BRIEF DESCRIPTION OF THE DRAWINGS
[0036] Certain embodiments of the present invention are illustrated
in the following drawings:
[0037] FIG. 1 is a simplified semi-pictorial semi-functional block
diagram illustration of a system for Relative Time Measurement
between two or more non-collocated stations 20 and 30 with known
coordinates, constructed and operative in accordance with certain
embodiments of the present invention.
[0038] FIG. 2 is a simplified semi-pictorial semi-functional block
diagram illustration of an individual one of the stations of FIG. 1
and its associated antenna, constructed and operative in accordance
with certain embodiments of the present invention.

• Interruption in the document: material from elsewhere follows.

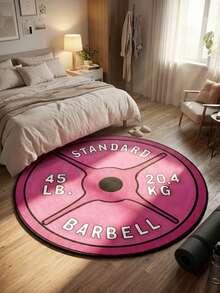 1pc Fashionable Pink Dumbbell Plate Design Carpet, Soft Comfortable Durable Non-Slip Washable Rug, Bedroom Living Room Study Dining Room Gym Fitness Room Carpet, Gift For Friends, Great Furniture Decor, Room Decoration - Multicolor - View 5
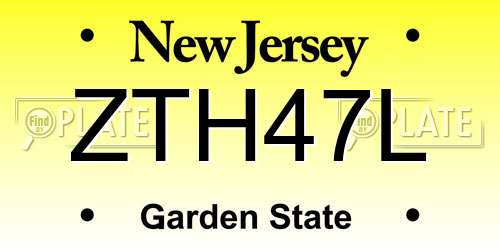 ZTH47L New Jersey License Plate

[0039] FIG. 3 is a simplified functional block diagram of the
Timing Unit of FIG. 2, constructed and operative in accordance with
certain embodiments of the present invention.

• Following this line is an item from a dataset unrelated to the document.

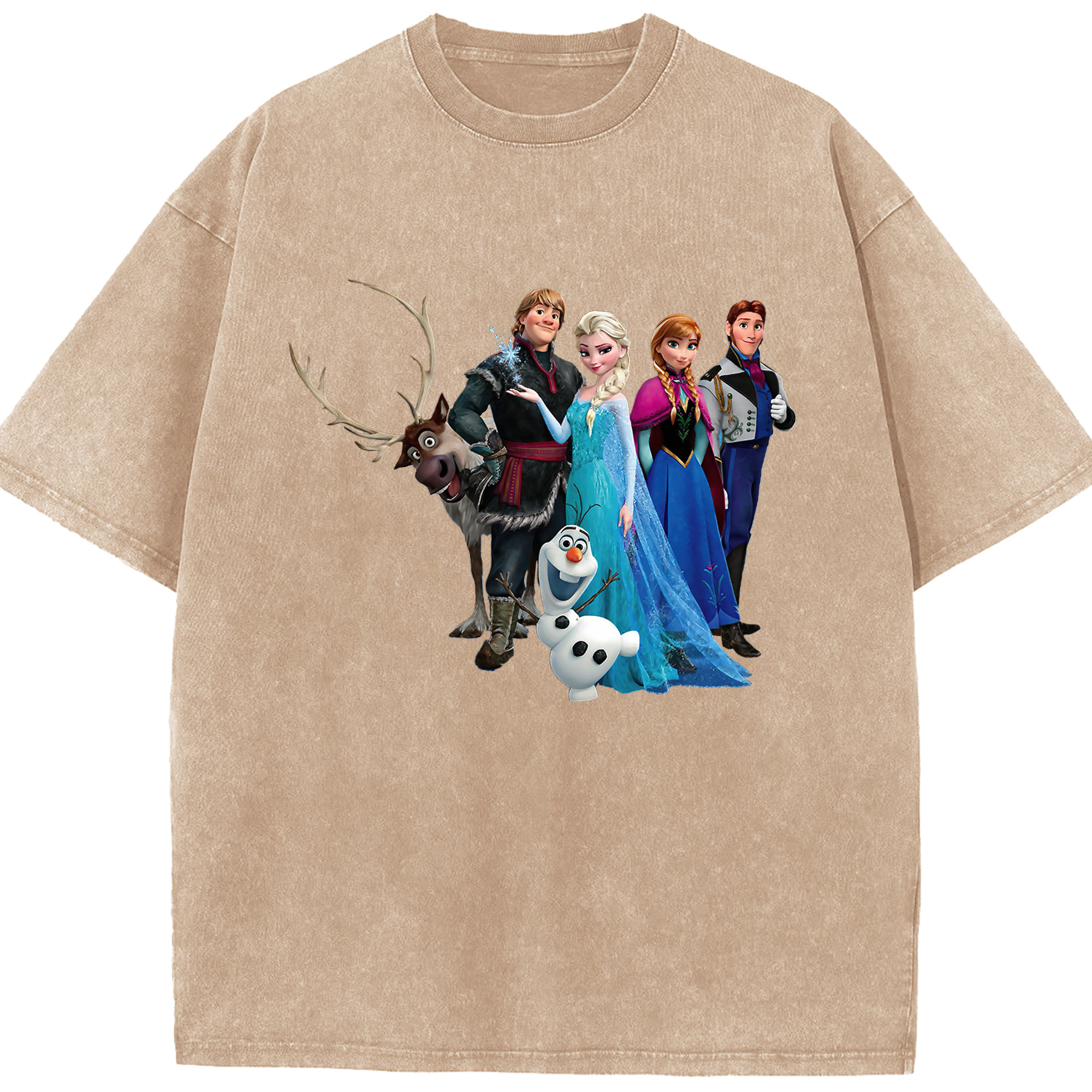（画像用） アナと雪の女王 アンナ エルサ Frozen Anna Elsa 綿100% ヴィンテージ風 半袖Tシャツ（フロントプリント）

[0040] FIG. 4 is a graph of a System Error Budget of the relative
time measurement system of FIG. 1, in accordance with certain
embodiments of the present invention.
[0041] FIG. 5 is a simplified functional block diagram of relative
internal bias calibration apparatus in conjunction with a pair of
timing units of the type shown in FIG. 3, all constructed and
operative in accordance with certain embodiments of the present
invention.
[0042] FIG. 6 is a simplified flowchart illustration of a method
for instantaneous and continuous determination of a relative time
offset between non-collocated frequency sources having a relative
frequency drift therebetween, the determination being carried out
at a required nanosecond level accuracy, all operative in
accordance with certain embodiments of the present invention.
DETAILED DESCRIPTION OF CERTAIN EMBODIMENTS
[0043] Reference is now made to FIG. 1 which is a simplified
semi-pictorial semi-functional block diagram illustration of a
system for Relative Time Measurement between two or more
non-collocated stations 20 and 30 with known coordinates,
constructed and operative in accordance with certain embodiments of
the present invention. Each station observes a Common External
Signal (e.g. GNSS via GNSS antennae 25 and 35 respectively),
produces time tagged samples (pseudo-range and integrated Doppler)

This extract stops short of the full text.